Collected data
• • • •

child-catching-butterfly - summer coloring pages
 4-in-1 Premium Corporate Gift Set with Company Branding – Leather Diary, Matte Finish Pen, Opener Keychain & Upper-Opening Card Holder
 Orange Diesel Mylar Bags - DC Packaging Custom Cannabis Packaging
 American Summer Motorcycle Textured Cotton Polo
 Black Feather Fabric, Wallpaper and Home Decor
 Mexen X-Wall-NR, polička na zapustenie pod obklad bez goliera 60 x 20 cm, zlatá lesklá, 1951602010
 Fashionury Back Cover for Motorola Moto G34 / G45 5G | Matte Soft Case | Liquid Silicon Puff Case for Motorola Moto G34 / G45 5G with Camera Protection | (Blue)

• • • •

● **WHAT YOU HAVE TO DO**:
Only a number is wanted here: the count of lines above that hold the word "with".

● **RESPONSE TO THE TASK**:
2